Back

Musical AI

Musical AI

Musical AI
Artificial intelligence to support musical experiences: towards a data-driven, human-centred approach

Project funded by the  Ministry of Science and Innovation of the Spanish Government (Reference: PID2019-111403GB-I00).
Duration: June 1st 2020 to May 31st 2024
PIs: Xavier Serra, Emilia Gómez, Rafael Ramírez, Sergi Jordà

Abstract: Consuming and listening to music is truly one of the most widespread activities nowadays. Music is indeed the universal language that everybody enjoys and our Western culture knows it well, making music utterly pervasive: at supermarkets and airports, in movies and on television, at important ceremonies, and now, also on the private, portable soundscapes that snake ubiquitously from pocket to ear. Yet this same Western society is the one that has made us believe that only a limited number of people are musical. We do all possess however the basic capacity to listen to and distinguish, interpret, understand, appreciate and respond to patterns of sound, since without this given capability no musical tradition and no musical market could ever exist. This project aims to advance on a number of research topics related to large-scale corpora and data-driven machine learning, with applications to music applications. We plan to increase our understanding of music, developing AI-based models and tools for helping listeners to gain musical understanding and appreciation, and developing AI-based models for helping music learning and music creation.

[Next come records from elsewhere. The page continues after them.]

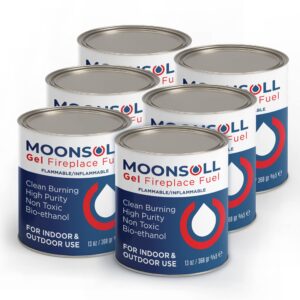 moonsoll gel fuel cans for fire bowl and fireplace (6 x 13oz) indoor/outdoor use fire pit tabletop, gel fuel cans for portable fire pit (6 pack 368gr)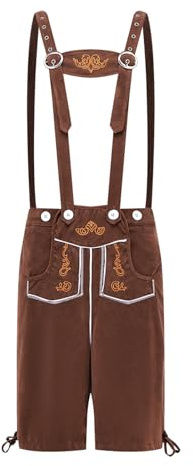 Vhersily Traje tradicional de los pantalones del festival de la cerveza popular Oktoberfest hombre pantalones cortos bávaros con tirantes alemán vestido tirolés Lederhosen bávaro marrón de discoteca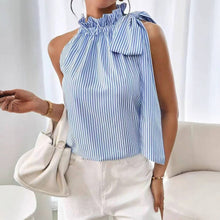 Load image into Gallery viewer, Ruffle Bow Tie Strap Tank Top - Blue with gathered neckline and bow on one shoulder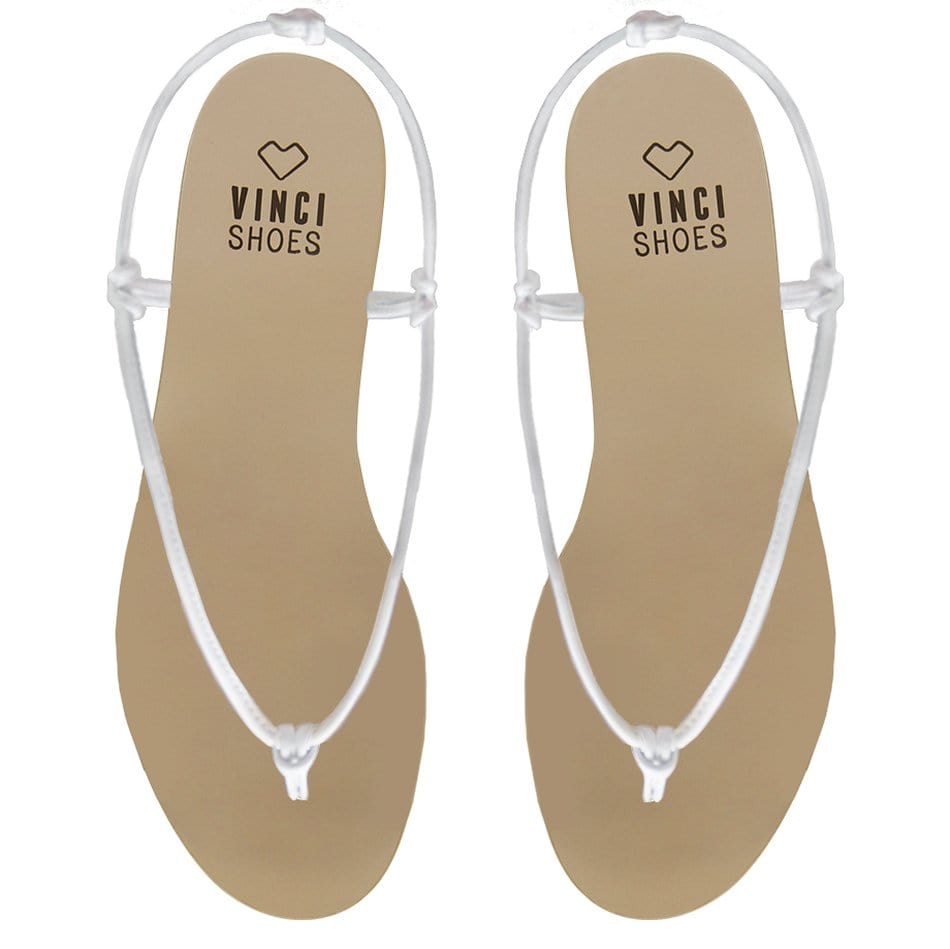 Vinci Shoes Melina White Sandals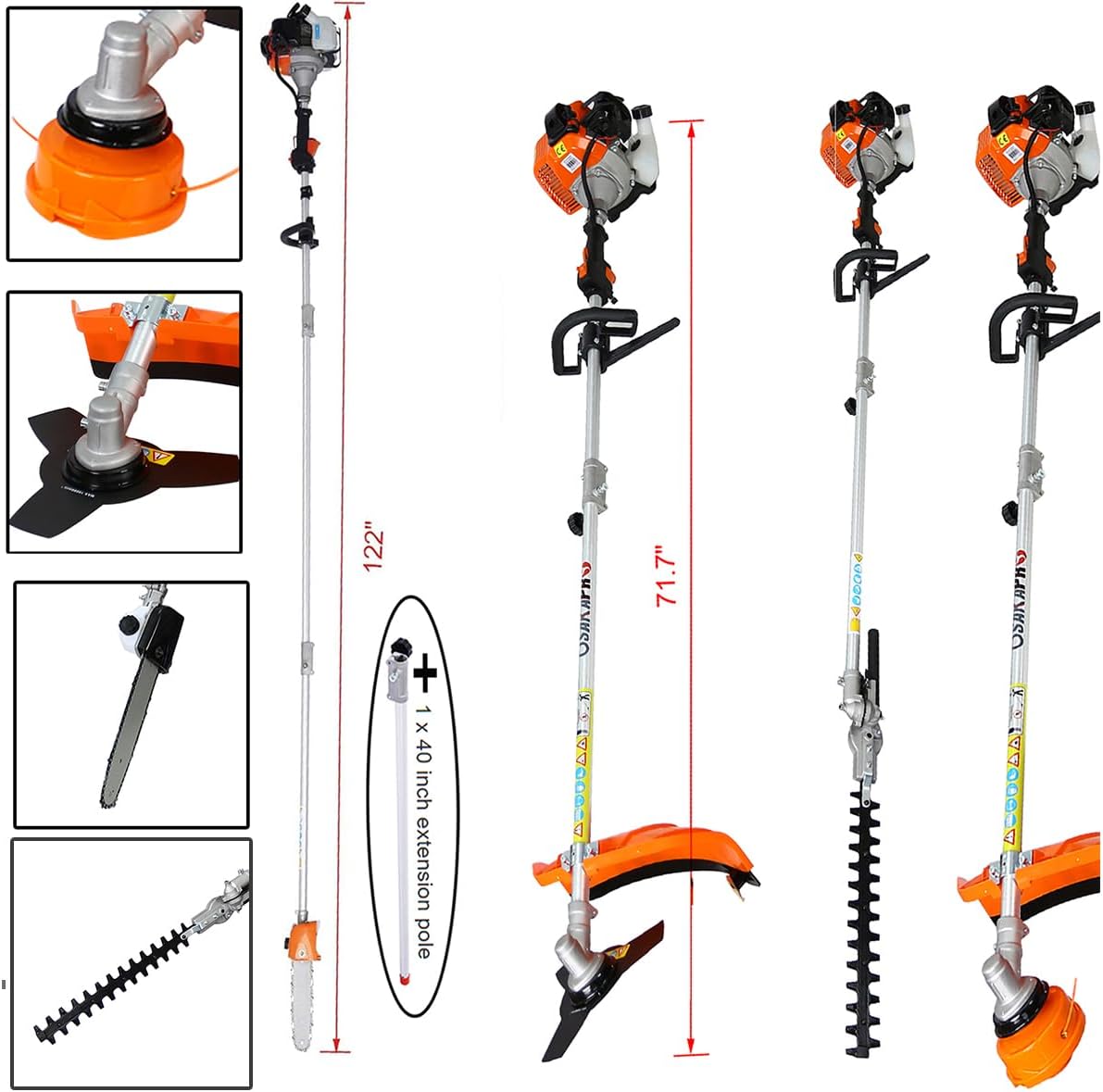 52cc 2-Cycle Gas Multi-Trimmer | 10-in-1 String Trimmer w/Rotatable 40' Pole Saw, Weed Eater Weed Wacker, Brush Cutter & Hedge Trimmer Gas for Lawn, Yard, Garden Care, All-in-one Garden Tool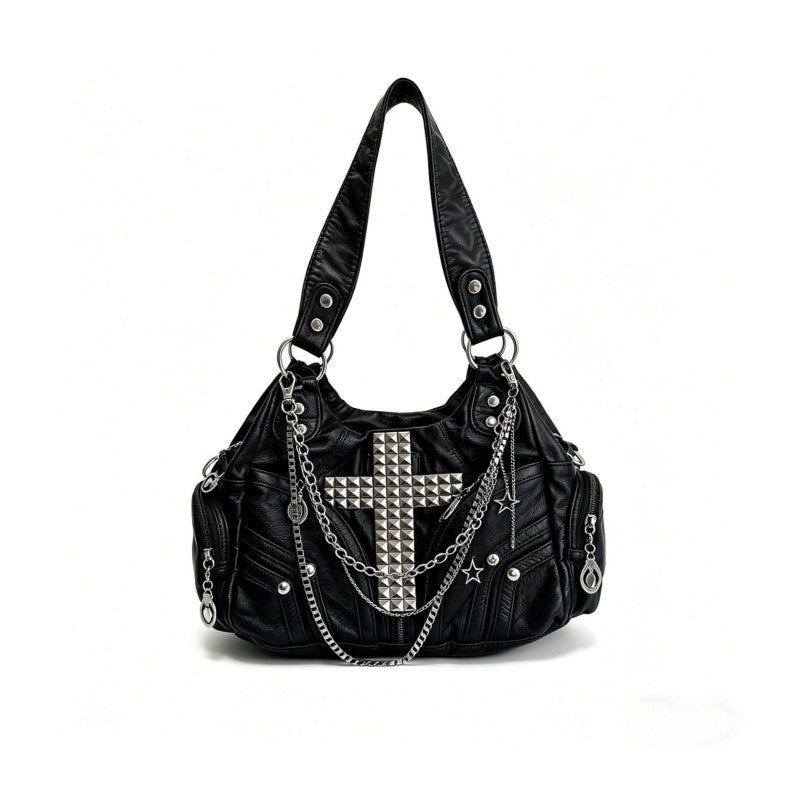 Punk-style chain bag black motorcycle cross-cultural gothic girl single-shoulder tote bag versatile crossbody bag Main image
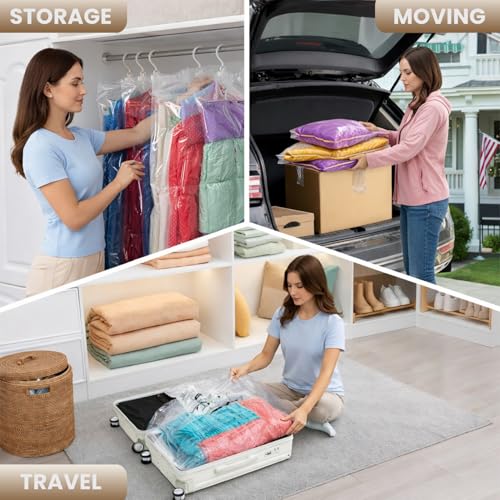 Image of enem Hanging Vacuum Bags For Clothes With Pump | Pack of 4 (2 Jumbo, 2 Large) | Travel Vacuum Bags For Clothes | Wardrobe Organizer For Storage | 1 Year Warranty from enem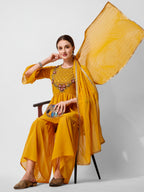 Hand Embroidered Kurta With Sharara And Dupatta Set, Multicolor - Hiral Fashion | Grocsy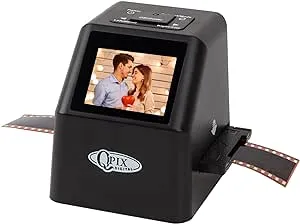 Digital Film & Slide Scanner Converts 35mm 110 135 126KPK Super 8 & 8mm Film Negatives & Slides To High-Resolution 22 MP JPEG Images, Built-in 128MB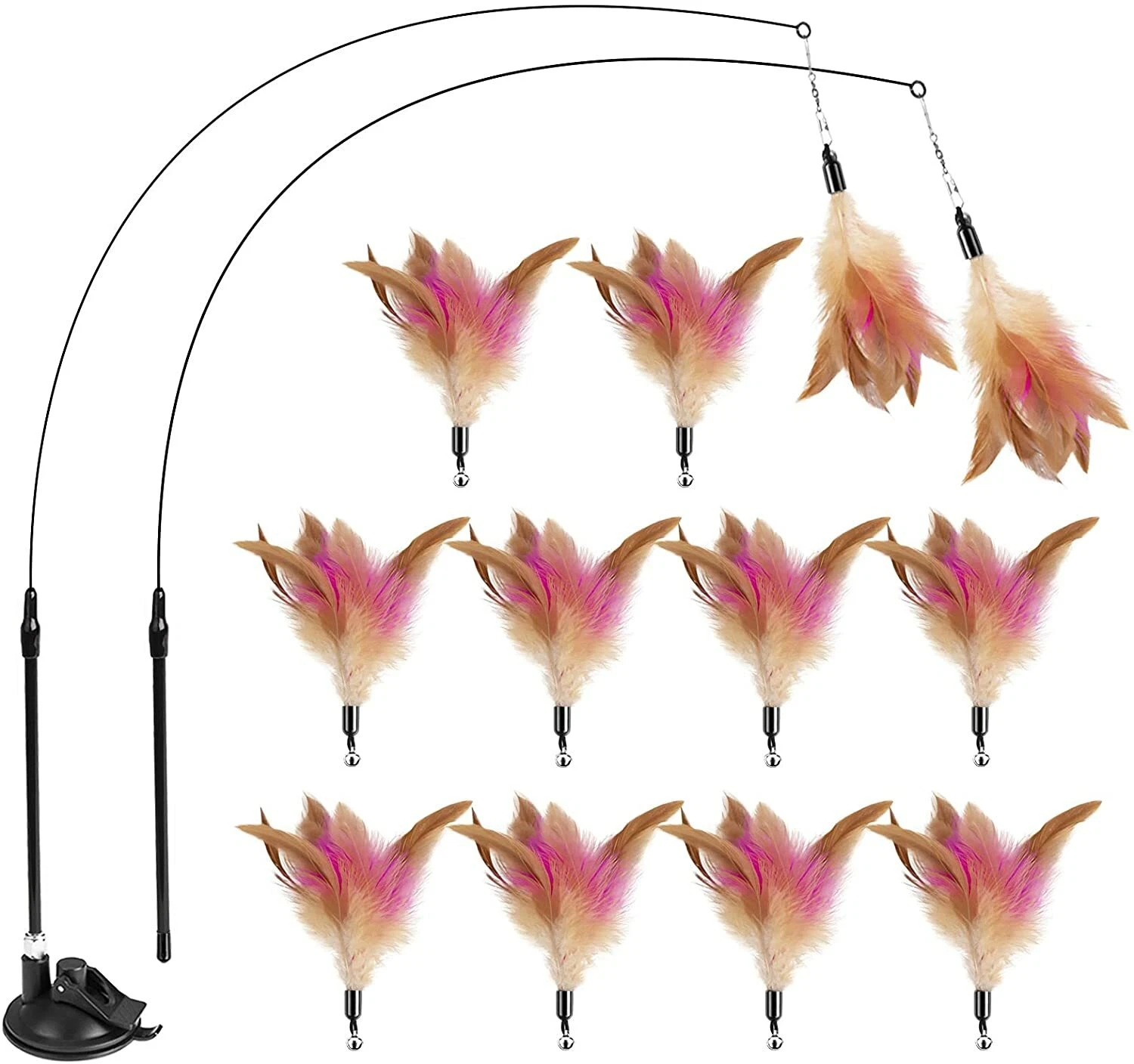 12 PCS Cat Wand Toy, 2 PACK Cat Feather Toy Interactive Cat Toy with Suction Cup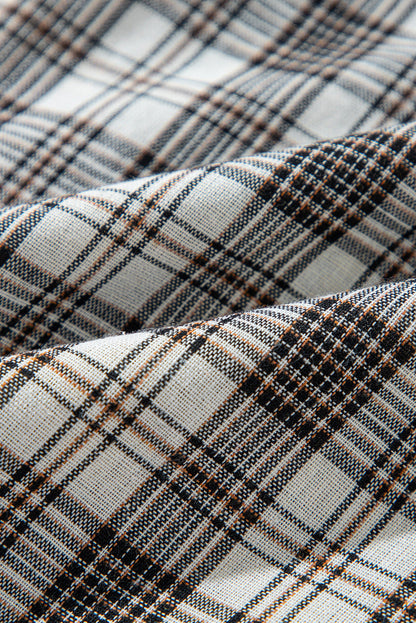 Checker Button-Up Chest Pocket Hooded Shacket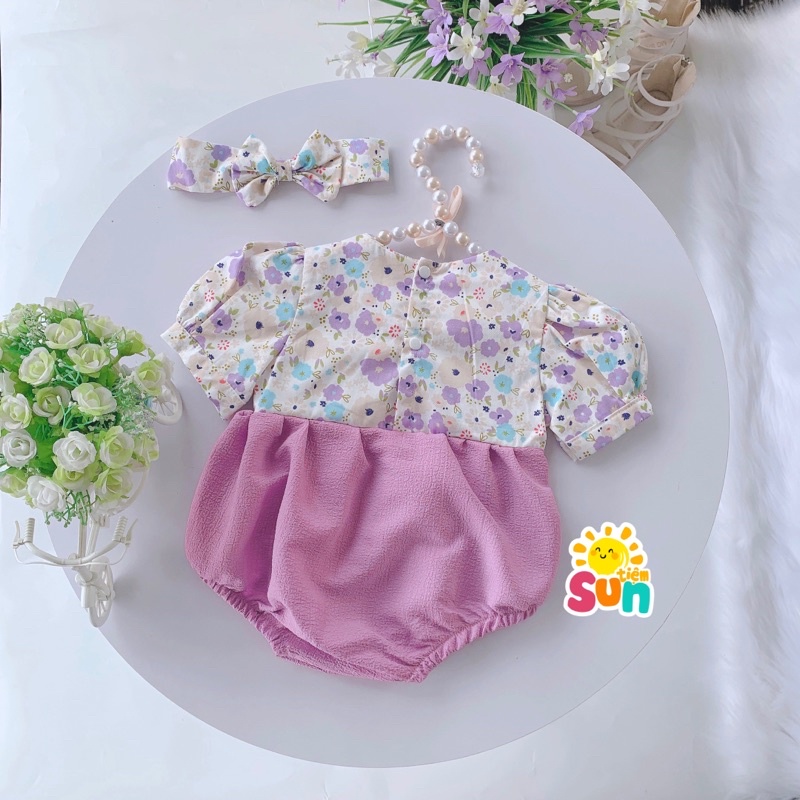 𝗧𝗮̣̆𝗻𝗴 𝘁𝘂𝗿𝗯𝗮𝗻 Body cộc tay cho bé gái size 4-10kg, xốp nhăn phối thô hoa mềm mát, thân thiện với làn da bé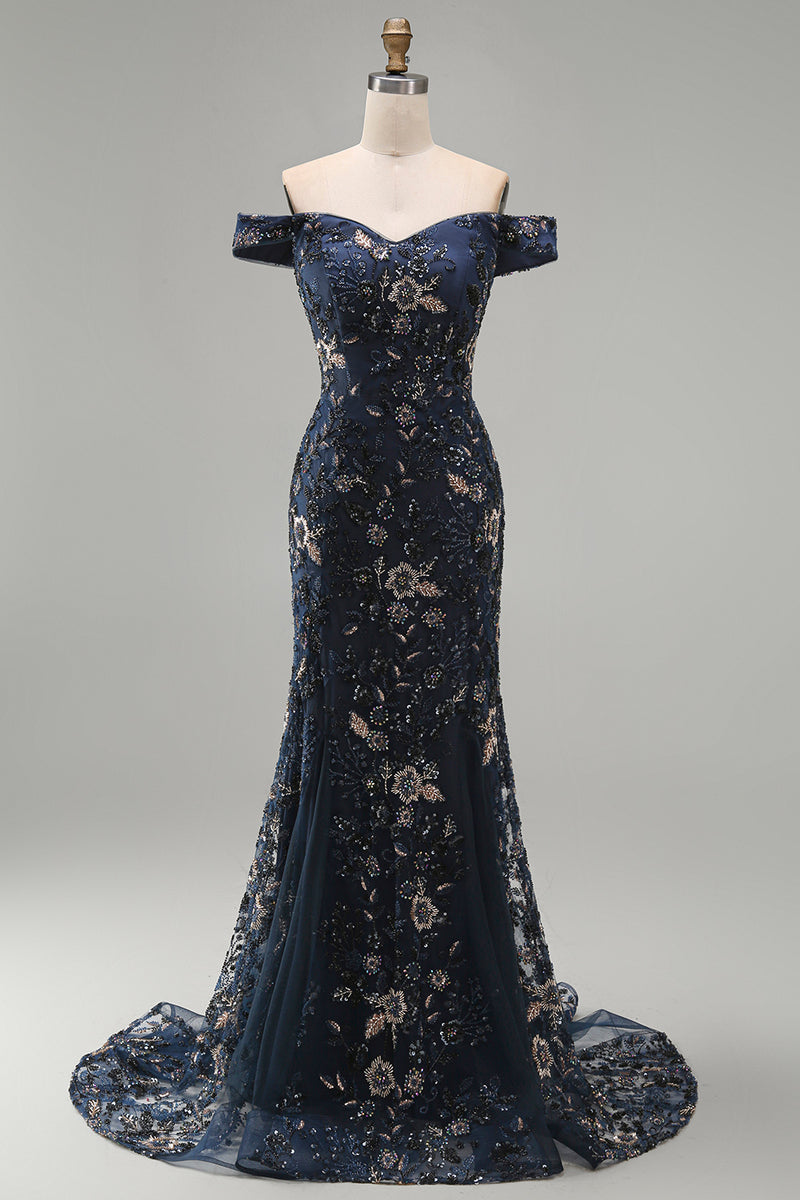Load image into Gallery viewer, Sparkly Navy Long Floral Mermaid Lace Evening Dress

WP1: Hybrid human-machine intelligence (PI Emilia Gómez)

Humans provide accurate annotations of music content, but can only be done on a small scale and a high musical expertise if often required in music annotation tasks. On the contrary, algorithms can process large amounts of data but they are less accurate and can only provide low-level annotations.

The goal of this work package is to research on the best strategies to combine human and machine (artificial) intelligence in data-driven music applications, and to investigate on human-centred approaches for the use of artificial intelligence to support music listening experiences. In particular, we will develop hybrid human-machine models for the annotation and description of large music collections. We will incorporate methodologies from cognitive science and human-computer interaction.

WP2: Automatic discovery of musical patterns (PI: Xavier Serra)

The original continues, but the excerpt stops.